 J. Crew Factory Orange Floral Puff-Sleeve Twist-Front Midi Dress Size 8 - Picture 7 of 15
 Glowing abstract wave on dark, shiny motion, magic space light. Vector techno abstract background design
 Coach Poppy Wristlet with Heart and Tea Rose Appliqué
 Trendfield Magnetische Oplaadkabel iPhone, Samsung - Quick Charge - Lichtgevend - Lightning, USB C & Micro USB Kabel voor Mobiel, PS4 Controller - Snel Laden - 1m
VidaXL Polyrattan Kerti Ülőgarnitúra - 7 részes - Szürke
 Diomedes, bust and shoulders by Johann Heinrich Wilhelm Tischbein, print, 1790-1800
--
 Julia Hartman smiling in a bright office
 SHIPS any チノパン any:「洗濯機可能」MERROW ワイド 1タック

— WORK REQUIRED —
Within the listing above, the range opens at the line with "VidaXL Polyrattan Kerti" and closes at the line with "Diomedes, bust and". Reproduce exactly the lines of that range, including both ends.

— ANSWER SECTION —
VidaXL Polyrattan Kerti Ülőgarnitúra - 7 részes - Szürke
 Diomedes, bust and shoulders by Johann Heinrich Wilhelm Tischbein, print, 1790-1800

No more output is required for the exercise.